(WHAT NEEDS TO BE DONE):
Begin at the line containing "Vegan Coconut Hot Chocolate" in the entries below and end at the line containing "Fate/Grand Order Final"; transcribe that range exactly and nothing outside it.

(RECORDS TO PROCESS):
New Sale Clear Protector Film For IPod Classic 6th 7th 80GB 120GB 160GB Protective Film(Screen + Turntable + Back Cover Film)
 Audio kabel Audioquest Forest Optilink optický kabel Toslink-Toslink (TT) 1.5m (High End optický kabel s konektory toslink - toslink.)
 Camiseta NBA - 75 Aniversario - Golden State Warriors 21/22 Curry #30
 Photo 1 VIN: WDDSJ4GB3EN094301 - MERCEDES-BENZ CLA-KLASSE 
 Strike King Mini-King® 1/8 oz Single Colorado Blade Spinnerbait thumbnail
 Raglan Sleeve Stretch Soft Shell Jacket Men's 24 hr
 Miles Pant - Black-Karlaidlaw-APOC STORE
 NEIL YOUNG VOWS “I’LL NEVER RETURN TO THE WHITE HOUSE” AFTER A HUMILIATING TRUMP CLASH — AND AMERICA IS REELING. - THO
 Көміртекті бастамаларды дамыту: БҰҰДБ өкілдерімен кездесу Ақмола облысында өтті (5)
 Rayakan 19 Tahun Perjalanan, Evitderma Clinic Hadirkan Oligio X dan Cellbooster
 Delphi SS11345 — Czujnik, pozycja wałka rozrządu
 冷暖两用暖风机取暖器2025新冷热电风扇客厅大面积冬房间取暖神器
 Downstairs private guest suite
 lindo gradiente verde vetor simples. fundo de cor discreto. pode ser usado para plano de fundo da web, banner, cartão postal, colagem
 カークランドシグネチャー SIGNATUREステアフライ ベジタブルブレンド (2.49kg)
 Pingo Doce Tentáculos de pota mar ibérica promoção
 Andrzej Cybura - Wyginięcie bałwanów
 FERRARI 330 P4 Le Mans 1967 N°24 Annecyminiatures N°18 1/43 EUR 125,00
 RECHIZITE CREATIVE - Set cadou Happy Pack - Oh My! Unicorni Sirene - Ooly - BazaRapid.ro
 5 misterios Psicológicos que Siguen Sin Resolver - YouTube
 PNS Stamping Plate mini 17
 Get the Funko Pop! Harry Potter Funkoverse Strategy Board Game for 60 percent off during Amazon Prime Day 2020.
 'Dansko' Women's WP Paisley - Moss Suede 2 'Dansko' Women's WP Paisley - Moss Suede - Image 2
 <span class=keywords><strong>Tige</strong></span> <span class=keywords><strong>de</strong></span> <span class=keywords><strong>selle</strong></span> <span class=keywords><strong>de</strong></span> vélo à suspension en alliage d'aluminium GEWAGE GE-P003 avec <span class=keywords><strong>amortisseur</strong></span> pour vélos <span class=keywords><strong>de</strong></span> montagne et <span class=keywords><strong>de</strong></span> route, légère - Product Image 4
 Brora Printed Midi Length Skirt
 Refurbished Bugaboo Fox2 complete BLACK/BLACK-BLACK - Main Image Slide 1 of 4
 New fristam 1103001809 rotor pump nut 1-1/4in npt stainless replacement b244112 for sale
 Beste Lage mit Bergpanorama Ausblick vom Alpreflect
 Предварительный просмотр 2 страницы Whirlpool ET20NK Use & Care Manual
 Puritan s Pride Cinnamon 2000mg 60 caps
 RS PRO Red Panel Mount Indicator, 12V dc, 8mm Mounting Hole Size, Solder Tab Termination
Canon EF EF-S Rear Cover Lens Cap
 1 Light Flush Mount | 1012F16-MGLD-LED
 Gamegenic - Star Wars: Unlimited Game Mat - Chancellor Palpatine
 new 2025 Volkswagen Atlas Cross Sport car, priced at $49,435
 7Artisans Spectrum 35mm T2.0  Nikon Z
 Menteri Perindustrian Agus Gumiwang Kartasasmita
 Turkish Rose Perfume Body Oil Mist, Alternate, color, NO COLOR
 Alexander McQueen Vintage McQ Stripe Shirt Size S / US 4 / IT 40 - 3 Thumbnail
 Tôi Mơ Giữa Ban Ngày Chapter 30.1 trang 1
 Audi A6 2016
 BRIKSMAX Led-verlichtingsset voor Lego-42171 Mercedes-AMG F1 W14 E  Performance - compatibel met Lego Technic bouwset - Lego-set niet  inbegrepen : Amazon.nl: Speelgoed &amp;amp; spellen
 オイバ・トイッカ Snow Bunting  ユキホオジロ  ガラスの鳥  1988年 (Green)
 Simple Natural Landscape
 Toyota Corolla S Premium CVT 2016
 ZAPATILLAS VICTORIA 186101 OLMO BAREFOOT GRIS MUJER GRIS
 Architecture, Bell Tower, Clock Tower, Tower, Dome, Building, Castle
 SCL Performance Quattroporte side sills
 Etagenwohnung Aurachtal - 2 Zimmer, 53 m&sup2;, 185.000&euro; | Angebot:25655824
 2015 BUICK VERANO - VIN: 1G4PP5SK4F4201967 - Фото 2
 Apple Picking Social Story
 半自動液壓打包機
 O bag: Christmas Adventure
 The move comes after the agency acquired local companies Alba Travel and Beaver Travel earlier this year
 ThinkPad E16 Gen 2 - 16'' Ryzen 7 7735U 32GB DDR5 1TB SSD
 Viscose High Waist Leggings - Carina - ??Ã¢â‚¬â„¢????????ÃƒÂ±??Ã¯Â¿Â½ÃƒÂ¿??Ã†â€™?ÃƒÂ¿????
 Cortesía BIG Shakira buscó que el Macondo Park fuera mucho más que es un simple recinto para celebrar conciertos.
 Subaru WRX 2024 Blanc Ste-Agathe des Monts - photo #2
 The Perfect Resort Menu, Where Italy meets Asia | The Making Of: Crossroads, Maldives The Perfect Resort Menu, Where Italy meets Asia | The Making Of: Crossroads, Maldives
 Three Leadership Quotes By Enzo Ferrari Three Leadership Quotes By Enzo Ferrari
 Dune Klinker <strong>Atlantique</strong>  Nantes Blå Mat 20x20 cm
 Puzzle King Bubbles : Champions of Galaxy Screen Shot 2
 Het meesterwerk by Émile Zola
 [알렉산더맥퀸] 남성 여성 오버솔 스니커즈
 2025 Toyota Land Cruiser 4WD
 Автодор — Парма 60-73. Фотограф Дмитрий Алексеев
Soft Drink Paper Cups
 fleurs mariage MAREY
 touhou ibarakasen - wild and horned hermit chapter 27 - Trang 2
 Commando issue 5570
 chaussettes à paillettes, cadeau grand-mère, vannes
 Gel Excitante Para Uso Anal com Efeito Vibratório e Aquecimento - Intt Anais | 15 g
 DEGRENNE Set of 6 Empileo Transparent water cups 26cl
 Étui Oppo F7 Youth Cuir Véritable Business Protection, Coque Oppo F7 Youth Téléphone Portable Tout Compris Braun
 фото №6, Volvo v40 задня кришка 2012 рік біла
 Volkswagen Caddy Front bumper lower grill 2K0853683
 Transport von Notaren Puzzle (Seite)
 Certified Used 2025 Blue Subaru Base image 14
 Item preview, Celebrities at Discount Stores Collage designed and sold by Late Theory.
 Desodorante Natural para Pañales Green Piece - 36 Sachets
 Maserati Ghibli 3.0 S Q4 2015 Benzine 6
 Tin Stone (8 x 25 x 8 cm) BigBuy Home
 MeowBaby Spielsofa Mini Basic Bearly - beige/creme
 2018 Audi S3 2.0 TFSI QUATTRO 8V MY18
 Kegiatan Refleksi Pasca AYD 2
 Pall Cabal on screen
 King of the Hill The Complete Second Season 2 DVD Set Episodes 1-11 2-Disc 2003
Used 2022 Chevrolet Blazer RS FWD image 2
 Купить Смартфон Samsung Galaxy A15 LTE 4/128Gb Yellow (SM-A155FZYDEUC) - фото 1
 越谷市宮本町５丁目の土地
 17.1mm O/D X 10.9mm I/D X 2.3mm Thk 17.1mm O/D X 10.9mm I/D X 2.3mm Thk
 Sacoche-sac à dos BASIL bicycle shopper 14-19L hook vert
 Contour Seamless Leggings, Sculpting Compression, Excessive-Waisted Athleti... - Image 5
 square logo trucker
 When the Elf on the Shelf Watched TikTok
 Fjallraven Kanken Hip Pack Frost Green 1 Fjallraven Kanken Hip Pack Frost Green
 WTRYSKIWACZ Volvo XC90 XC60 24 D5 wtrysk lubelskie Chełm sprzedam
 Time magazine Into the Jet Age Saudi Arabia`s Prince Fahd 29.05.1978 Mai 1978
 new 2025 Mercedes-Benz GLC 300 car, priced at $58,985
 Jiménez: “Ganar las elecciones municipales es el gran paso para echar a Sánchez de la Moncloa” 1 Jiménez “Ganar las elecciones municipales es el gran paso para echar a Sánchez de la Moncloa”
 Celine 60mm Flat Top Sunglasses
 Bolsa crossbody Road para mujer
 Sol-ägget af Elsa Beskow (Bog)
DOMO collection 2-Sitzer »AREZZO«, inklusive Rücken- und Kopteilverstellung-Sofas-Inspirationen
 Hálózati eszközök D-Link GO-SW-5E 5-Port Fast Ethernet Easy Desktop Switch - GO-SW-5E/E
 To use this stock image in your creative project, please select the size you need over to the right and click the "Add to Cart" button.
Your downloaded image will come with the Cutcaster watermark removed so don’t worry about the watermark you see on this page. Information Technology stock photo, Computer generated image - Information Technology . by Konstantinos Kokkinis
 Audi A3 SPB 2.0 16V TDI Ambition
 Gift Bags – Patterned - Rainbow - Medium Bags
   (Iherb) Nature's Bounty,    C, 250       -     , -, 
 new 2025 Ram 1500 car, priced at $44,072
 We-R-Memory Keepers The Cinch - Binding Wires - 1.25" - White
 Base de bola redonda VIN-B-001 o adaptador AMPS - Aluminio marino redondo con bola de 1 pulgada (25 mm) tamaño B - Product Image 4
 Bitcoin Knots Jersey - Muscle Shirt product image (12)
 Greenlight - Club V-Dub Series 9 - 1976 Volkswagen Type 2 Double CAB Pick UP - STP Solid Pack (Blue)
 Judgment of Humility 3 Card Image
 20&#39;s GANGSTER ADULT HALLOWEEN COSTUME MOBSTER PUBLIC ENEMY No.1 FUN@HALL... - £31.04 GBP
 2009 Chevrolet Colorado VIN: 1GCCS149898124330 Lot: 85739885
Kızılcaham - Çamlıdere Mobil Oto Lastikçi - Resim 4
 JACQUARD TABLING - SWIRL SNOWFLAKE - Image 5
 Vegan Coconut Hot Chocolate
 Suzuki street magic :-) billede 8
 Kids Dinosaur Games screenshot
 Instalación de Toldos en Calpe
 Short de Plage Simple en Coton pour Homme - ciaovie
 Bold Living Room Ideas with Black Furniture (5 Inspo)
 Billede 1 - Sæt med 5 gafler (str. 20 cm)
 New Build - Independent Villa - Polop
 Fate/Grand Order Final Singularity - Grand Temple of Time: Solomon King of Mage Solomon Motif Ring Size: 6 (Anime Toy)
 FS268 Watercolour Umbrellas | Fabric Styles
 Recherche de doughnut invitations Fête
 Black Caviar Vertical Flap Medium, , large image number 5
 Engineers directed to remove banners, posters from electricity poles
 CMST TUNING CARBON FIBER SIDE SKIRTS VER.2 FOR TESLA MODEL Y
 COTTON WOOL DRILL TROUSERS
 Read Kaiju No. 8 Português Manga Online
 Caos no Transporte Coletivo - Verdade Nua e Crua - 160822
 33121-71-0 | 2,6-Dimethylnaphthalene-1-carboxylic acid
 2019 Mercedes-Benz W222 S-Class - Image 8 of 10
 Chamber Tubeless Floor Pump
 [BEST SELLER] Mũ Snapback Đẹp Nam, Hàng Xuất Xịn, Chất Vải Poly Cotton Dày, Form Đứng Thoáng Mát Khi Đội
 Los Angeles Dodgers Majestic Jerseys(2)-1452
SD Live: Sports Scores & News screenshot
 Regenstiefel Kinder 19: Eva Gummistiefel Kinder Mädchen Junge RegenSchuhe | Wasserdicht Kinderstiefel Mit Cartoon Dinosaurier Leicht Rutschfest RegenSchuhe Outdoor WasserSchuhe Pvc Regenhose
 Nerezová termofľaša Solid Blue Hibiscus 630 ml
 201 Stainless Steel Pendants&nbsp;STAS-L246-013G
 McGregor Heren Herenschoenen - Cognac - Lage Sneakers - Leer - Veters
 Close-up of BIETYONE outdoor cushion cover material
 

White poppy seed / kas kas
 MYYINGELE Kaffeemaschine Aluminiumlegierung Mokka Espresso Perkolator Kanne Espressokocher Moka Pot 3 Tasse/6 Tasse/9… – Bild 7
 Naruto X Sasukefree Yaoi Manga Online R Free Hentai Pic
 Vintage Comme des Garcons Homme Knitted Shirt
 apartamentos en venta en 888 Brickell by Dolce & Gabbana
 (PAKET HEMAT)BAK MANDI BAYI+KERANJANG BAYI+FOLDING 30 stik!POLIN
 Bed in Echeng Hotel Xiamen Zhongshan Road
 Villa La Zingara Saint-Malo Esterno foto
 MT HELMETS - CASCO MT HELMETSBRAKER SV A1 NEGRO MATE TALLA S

(TASK RESULT):
 Vegan Coconut Hot Chocolate
 Suzuki street magic :-) billede 8
 Kids Dinosaur Games screenshot
 Instalación de Toldos en Calpe
 Short de Plage Simple en Coton pour Homme - ciaovie
 Bold Living Room Ideas with Black Furniture (5 Inspo)
 Billede 1 - Sæt med 5 gafler (str. 20 cm)
 New Build - Independent Villa - Polop
 Fate/Grand Order Final Singularity - Grand Temple of Time: Solomon King of Mage Solomon Motif Ring Size: 6 (Anime Toy)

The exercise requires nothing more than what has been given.